Le feste e le risposte che non ci sono

da | 2 Lug 2014

Il San Jachiddu è uno dei ventiquattro fortini costruiti sul finire del XIX secolo sulle due sponde dello Stretto di Messina per proteggerlo dagli attacchi non ricordo se dei francesi, degli inglesi, dei marziani… negli ultimi 6000 anni di storia europea c’è sempre stato qualcuno dai cui attacchi bisogna “proteggersi”, e dunque qualcuno da attaccare “per proteggersi”. Ma non divaghiamo. Entrati rapidamente in disuso, i fortini subirono l’abituale lento degrado; qualcuno sparì, molti andarono in rovina, due o tre furono adibiti ad altri usi. Ma uno di essi, e uno solo che io sappia, nell’ultimo quindicennio è stato protagonista di una sorte ben diversa. Fu attentamente restaurato e, da immondezzaio ed estemporaneo poligono di addestramento per apprendisti malavitosi fu trasformato in parco ecologico, quale tuttora è. Mi è già capitato di parlarne un paio di anni fa quando il parco era stato sottratto alla direzione del suo principale artefice, Mario Albano, e dei suoi collaboratori ed era, per fortuna brevemente, finito in mani maldestre e inopportune. Ci sono tornato l’1 maggio, invitato da Mario, per tenervi una presentazione di Un pianeta a tavola in occasione della Festa della primavera che ogni anno si tiene al Forte in quella data.

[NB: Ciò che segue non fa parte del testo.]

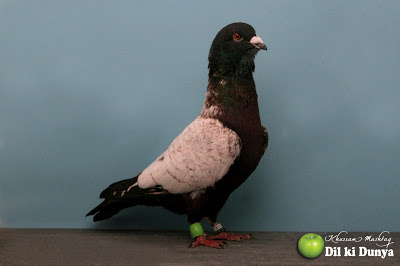 من أجمل أنواع الحمام (لاتنسوا ذكر الله )  Pigeon%2B%252836%2529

Entrai in quella che fu la piazza d’armi su cui, dopo la trasformazione, ha sventolato per molti anni (ma perché adesso non più?) la bandiera della pace. Mi intercettò e mi interrogò un donnone dai modi roboanti, mai vista prima, che si presentò come una socia di Legambiente. Chi sono? Cosa faccio lì? Glielo spiegai. Cosa intendo per alimentazione sostenibile? Non sarà mica vegana, vero? Non fatemene una colpa se desiderai intensamente di non averla fra il pubblico. Così intensamente che fui esaudito.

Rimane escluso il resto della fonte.